Citigroup also sees similar warning signs. Alex Saunders, head of quantitative macro research at Citi Research, said, "My sense is that new money is entering cautiously, without much urgency or eagerness to invest. Perhaps enthusiasm has faded."
He pointed to shifts in wallet behavior. Citi's analysis shows the number of so-called Bitcoin "whales"—wallets holding more than 1,000 bitcoins—is gradually declining. In contrast, the number of retail participants holding less than one bitcoin has increased.
Citigroup noted that typically, weekly inflows of $1 billion boost prices by about 4%, meaning the current stagnation in capital flows is constraining price gains.
The term "whale" can refer to a broad range of holders, from early adopters who bought Bitcoin when it was worth just a few dollars to institutional accounts and exchanges. Moreover, wallet movements don’t always indicate direct selling; large holders often transfer tokens between wallets for liquidity or custody purposes.

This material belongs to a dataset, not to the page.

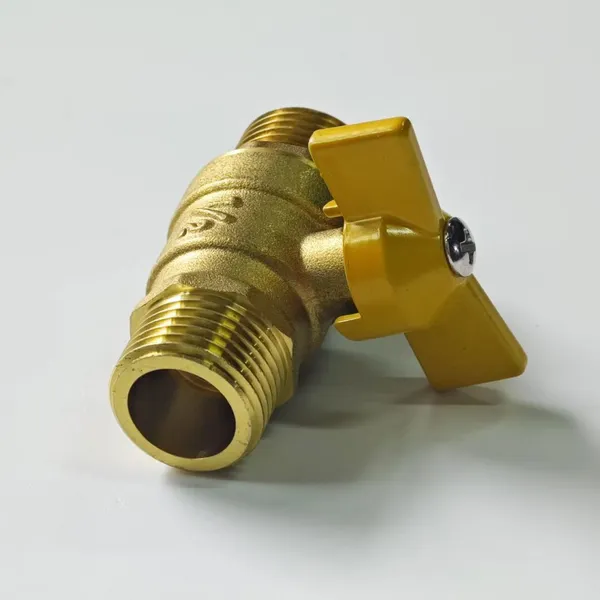 DN15 Double Outer Wire Copper Ball Valve, Gas Valve Switch,Keywords Water Heater Valve, Threaded Switch,Water Pipe Switch, photo-4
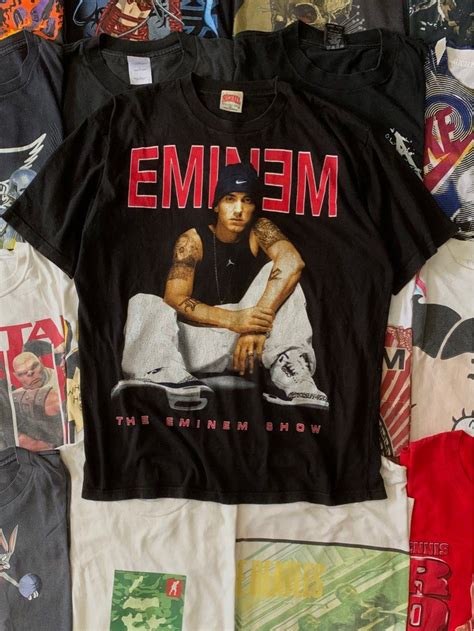 VTG 90s EMINEM BOOTLEG Men S Fashion Tops Sets Tshirts Polo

In the digital asset space, one of the clearest examples of buyer strike comes from Michael Saylor’s Strategy company, a software firm turned major Bitcoin accumulator. Once a benchmark for corporate treasury investments in crypto, its share price has now fallen to nearly match the value of its Bitcoin holdings—suggesting investors no longer assign a premium to Saylor’s high-conviction leveraged strategy.
Still, while momentum in the crypto market has weakened, there are few signs of outright panic. Over the past 18 months, Bitcoin’s price remains substantially higher, and speculative demand across various markets remains robust.
Analysts at cryptocurrency exchange Bitfinex cautioned against interpreting recent data as panic selling or a market top. Their research shows wallets holding more than 10,000 bitcoins saw balances decline by only 1.5% in October—hardly a “fire sale.” They also described ETF outflows as “temporary weakness, not structural risk.”
"The conclusion is that whales are not panic-selling, but rather gradually taking profits amid weak ETF demand—a pattern repeatedly observed in prior cycles. Once capital inflows and liquidity conditions improve, these rebalancing periods typically reset market positioning and volatility ahead of the next upward leg," wrote Bitfinex analysts.